Today I’ve put a photo on the projector of a bird on the beach with his feet submerged in the water.  I chose this image because for me it symbolizes ‘Walking Wet’.  Today I’d like to explore what it means to walk wet, to daily live in your baptism and the promise that God made for you when you were baptised.

Noah and his family were perhaps the first of God’s people to walk wet, they were the ones who were saved from destruction in the floodwaters as God provided for them and brought them through in the ark.  It’s a familiar story, but one that we are reminded of every time we see a rainbow in the sky.  Well at least I am.  Sometimes I get distracted when a rainbow reminds me of the legend of a pot of gold being found at the end of a rainbow, but mostly I return quickly to the promise that God made to Noah and to all people.  Whenever he sees the rainbow in the sky he will be reminded of his covenant with all life on earth that flood waters will never destroy all life.

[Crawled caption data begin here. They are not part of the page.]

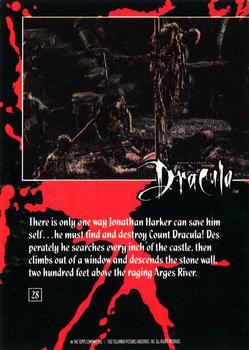 1992 Topps Bram Stoker's Dracula #28 There is only one way Jonathan Harker c Back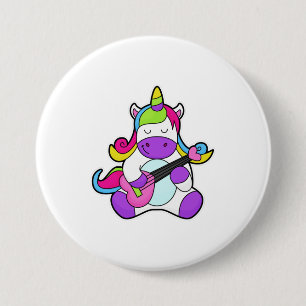 Chapa Redonda De 7 Cm Unicornio como músico con guitarra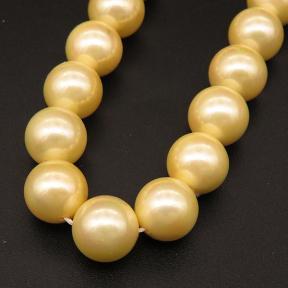 Shell Pearl Beads,Round,Dyed,AB Yellow,10mm,Hole:1mm,about 38pcs/strsnd,about 55g/strand,5 strands/package,15"(38cm),XBSP00535vbpb-L001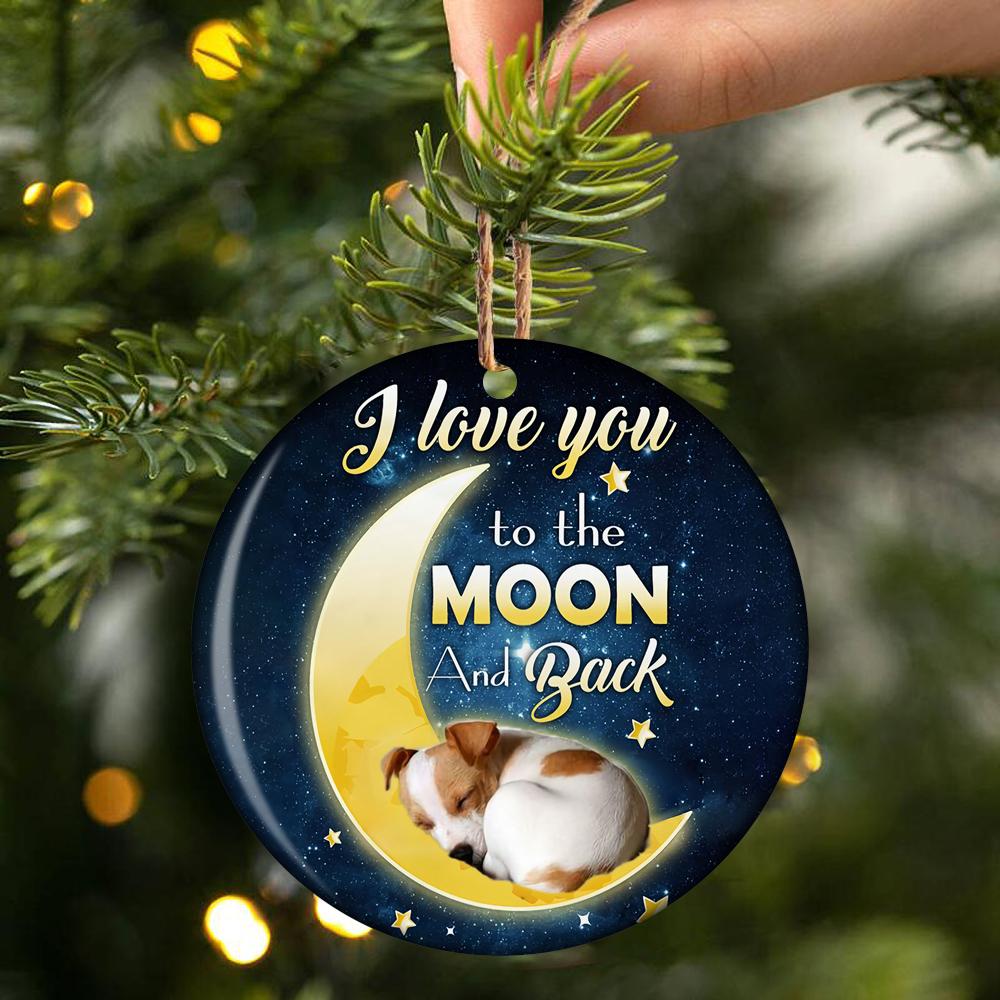 Jack Russell Terrier I Love You To The Moon And Back Porcelain/Ceramic Ornament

This was the first promise that God made that involved water.  The rainbow itself occurs when light is refracted through water vapour.  Without water there would be no rainbows! 

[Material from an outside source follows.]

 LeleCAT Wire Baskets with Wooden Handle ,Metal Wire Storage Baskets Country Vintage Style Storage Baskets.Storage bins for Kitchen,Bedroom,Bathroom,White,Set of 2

Rainbows can also be a reminder to us of the promise that God makes to us in Baptism.  As we heard in our second reading, Peter links the water of the flood with the water of baptism that now saves you also.  It isn’t about making us physically clean, even though water is very helpful in cleaning dirt off of us.  The water in Baptism is linked to the Word that is spoken with it and the promises made as well.  Just as the water and the promise of God were linked in the saving of Noah and his family, in Baptism we are saved by the resurrection of Jesus Christ.  We are made spiritually clean.

Baptism is known as a ‘sacrament’.  You may be clear on what a sacrament is, but many people aren’t.  There is even a bit of disagreement on this point between various denominations of the Christian Church, but the Lutheran church believes and confesses that there are two sacraments, Baptism and the Lord’s Supper or Holy Communion.  This is based on three criteria, they must be commanded by God, they must have an earthly or visible element and they must contain a promise from God.

Today we’re talking about Baptism, so can you think of where it was commanded?  Go therefore and make disciples of all nations, baptising them in the name of the Father, and the Son and the Holy Spirit.  That’s a command in my way of thinking!  We’ve been talking about the earthly element all of the way through, that is water.  And then comes the promise, we’ve talked a bit about that as well, and as we’ve heard many times, Jesus links baptism with salvation and a promise, “Whoever believes and is baptised will be saved”, you can’t get much clearer than that!

So when we have been baptised should it just be a set and forget sort of a deal?  I don’t think so.  We didn’t finish the reading from Matthew 28 before, after we hear the command to go and make disciples of all nations Jesus continues with these words, “and teaching them to obey everything I have commanded you.  And surely I am with you always to the very end of the age”.

The teaching part is given to us to help us to walk wet.  As Luther asked in his small catechism, “What does baptism mean for everyday living?”  Let’s take a look at how he answers that.
“Because we have been baptised, we should keep on drowning the old nature we were born with; everything selfish and sinful in us has to die.  This happens when day after day we are sorry for the wrong things we have done and ask God to forgive us.  And the new nature God has given us in baptism should come to life day after day.  We should live as new people who do what is right and good and live with God forever.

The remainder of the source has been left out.